The Great Falls Tectonic Zone after the assembly of Laurentia: evidence for long-term tectonic stability from xenolith apatite

Autor: Robert Bolhar, Brendan C. Hoare, Gary O'Sullivan, Kenneth D. Collerson, Yashirvad Thakurdin, Péter Horváth
Rok vydání: 2021
Předmět:
Zdroj: Lithos. :105977
ISSN: 0024-4937
DOI: 10.1016/j.lithos.2021.105977
Popis: Combined U-Pb geochronology, and trace element analysis (Th, U, Y, Sr, rare earth elements: REE) by LA-Q-ICPMS and halogen chemistry (F, Cl, OH) by SEM-EDX are applied to apatite from a suite of amphibolite- and granulite-facies xenoliths from the Bearpaw Mountains (Montana, USA), to constrain cooling of Paleoproterozoic mid- to lower crust. Xenoliths hosting fluorapatite and hydroxyfluorapatite were emplaced at 54 to 50 Ma within K-rich, host lamprophyres (“minettes”). Granulite xenoliths yield apatite with highly dispersed U-Pb isotopic compositions. But discordia fit through their youngest populations yield Neoproterozoic-Cambrian (c. 650–500 Ma) lower intercepts. A single amphibolite xenolith from a shallower depth contains apatite with older single-grain apatite ages in the range of 1200–890 Ma.
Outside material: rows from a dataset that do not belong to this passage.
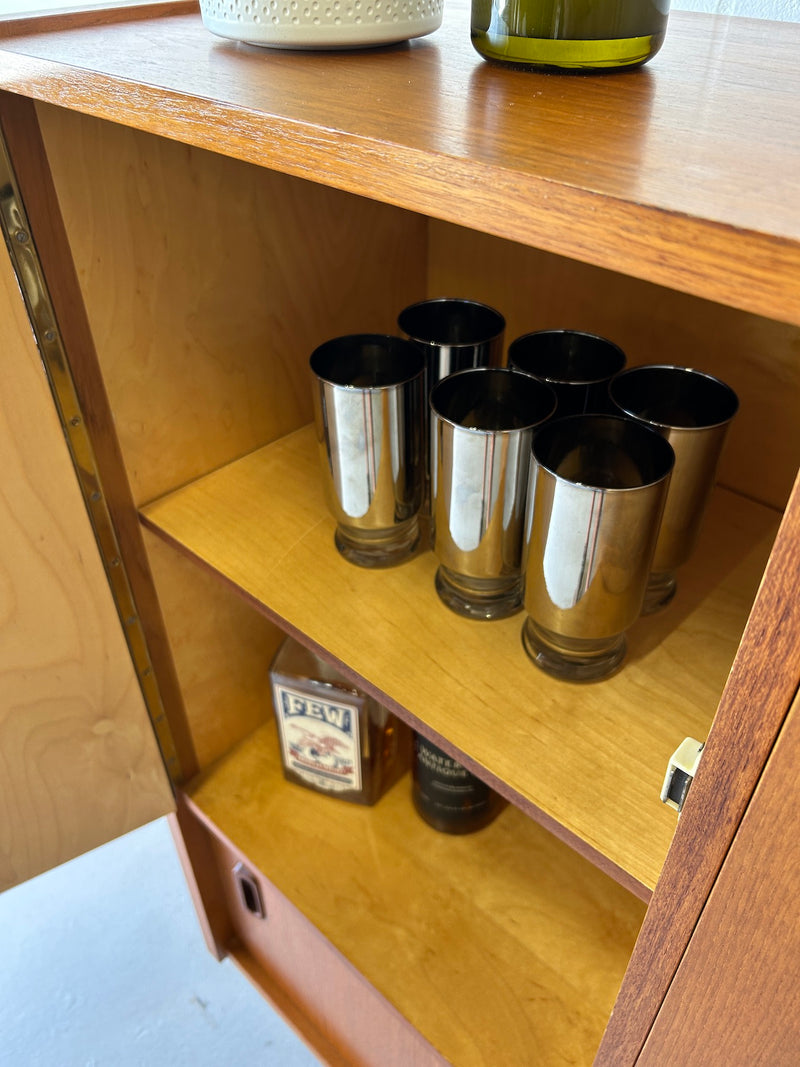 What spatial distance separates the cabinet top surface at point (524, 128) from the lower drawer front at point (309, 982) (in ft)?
2.35

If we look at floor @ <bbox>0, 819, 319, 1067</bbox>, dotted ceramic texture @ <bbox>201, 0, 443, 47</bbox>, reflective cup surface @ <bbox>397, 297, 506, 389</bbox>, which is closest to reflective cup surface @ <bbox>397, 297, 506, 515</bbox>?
reflective cup surface @ <bbox>397, 297, 506, 389</bbox>

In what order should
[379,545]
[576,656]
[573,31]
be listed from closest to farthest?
[573,31] < [576,656] < [379,545]

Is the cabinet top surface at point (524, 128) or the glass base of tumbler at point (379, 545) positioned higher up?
the cabinet top surface at point (524, 128)

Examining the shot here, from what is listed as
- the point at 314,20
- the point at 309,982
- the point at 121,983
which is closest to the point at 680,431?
the point at 314,20

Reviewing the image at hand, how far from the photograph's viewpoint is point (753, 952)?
34cm

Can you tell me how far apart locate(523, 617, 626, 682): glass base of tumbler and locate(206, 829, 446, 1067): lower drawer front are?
1.32 feet

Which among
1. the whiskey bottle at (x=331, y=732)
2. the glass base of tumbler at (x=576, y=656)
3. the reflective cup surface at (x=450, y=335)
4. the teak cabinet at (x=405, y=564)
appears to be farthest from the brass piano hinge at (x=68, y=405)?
the glass base of tumbler at (x=576, y=656)

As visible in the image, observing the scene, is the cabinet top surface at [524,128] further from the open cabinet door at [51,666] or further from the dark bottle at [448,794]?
the dark bottle at [448,794]

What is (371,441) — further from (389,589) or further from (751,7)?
(751,7)

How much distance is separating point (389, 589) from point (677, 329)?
1.03 feet

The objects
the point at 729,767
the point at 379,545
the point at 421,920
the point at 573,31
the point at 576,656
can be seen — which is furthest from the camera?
the point at 421,920

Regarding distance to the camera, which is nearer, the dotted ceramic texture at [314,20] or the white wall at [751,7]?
the dotted ceramic texture at [314,20]

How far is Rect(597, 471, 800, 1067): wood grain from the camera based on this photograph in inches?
10.2

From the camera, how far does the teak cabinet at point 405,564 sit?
306 mm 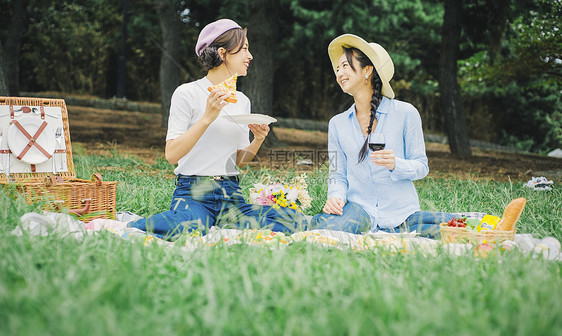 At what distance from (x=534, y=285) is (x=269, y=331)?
1.11m

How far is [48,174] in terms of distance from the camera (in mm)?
3748

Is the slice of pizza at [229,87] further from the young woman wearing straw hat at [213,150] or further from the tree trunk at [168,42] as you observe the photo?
the tree trunk at [168,42]

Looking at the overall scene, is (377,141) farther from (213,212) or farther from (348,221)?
(213,212)

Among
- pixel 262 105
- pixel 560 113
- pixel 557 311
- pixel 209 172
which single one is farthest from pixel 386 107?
pixel 560 113

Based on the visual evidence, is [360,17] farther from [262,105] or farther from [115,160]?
[115,160]

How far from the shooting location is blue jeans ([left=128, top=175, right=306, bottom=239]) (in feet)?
10.2

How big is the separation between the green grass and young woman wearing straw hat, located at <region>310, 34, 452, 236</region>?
0.75 m

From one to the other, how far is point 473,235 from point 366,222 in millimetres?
736

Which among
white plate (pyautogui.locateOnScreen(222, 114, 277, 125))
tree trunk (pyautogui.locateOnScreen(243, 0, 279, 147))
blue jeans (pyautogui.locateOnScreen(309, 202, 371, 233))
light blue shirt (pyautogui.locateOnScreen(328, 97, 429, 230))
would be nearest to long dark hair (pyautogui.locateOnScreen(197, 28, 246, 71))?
white plate (pyautogui.locateOnScreen(222, 114, 277, 125))

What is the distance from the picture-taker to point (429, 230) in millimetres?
3189

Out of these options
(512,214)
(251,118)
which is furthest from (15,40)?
(512,214)

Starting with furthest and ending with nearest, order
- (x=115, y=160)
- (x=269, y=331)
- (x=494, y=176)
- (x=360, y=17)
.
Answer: (x=360, y=17)
(x=494, y=176)
(x=115, y=160)
(x=269, y=331)

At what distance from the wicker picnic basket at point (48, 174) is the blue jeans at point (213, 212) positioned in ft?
1.35

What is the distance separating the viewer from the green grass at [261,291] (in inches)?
65.2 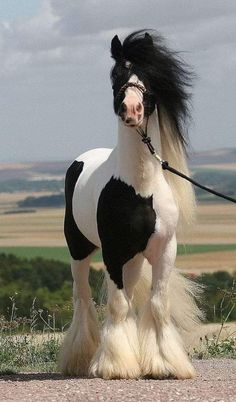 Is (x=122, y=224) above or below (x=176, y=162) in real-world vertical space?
below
These lower intercept ages are much younger than previously reported zircon U--Pb ages from the same samples, which register a thermal maximum in the Palaeoproterozoic (c. 1700–1800 Ma). Trace element analysis of apatite confirms that most grains did not undergo retrogressive recrystallization. Additionally, there is a statistically significant link between apatite size and single grain ages in at least one sample. Our interpretation is that these apatite U-Pb ages represent slow cooling through the apatite Pb partial retention zone (c. 375–450 °C). Whether these data represent a distinct cooling event, or simple protracted cooling from a Palaeoproterozoic thermal peak, cannot be strictly constrained by these data. However, previous evidence from rutile U-Pb in xenoliths from nearby locations implies slow cooling from a Palaeoproterozoic peak. If a slow cooling scenario is assumed, by comparing apatite cooling ages to previous results from Ti-in-zircon thermometry on metamorphic zircon from the same xenoliths, a cooling rate of 0.14--0.33 °C/Myr can be estimated for these granulite xenoliths. Our apatite data thus contribute to a growing consensus on the geodynamic history of the northern Wyoming Craton and Medicine Hat Block, wherein lithospheric stability was maintained on a giga-year timescale from a granulite-facies metamorphic event associated with the assembly of Laurentia up until Laramide orogenesis.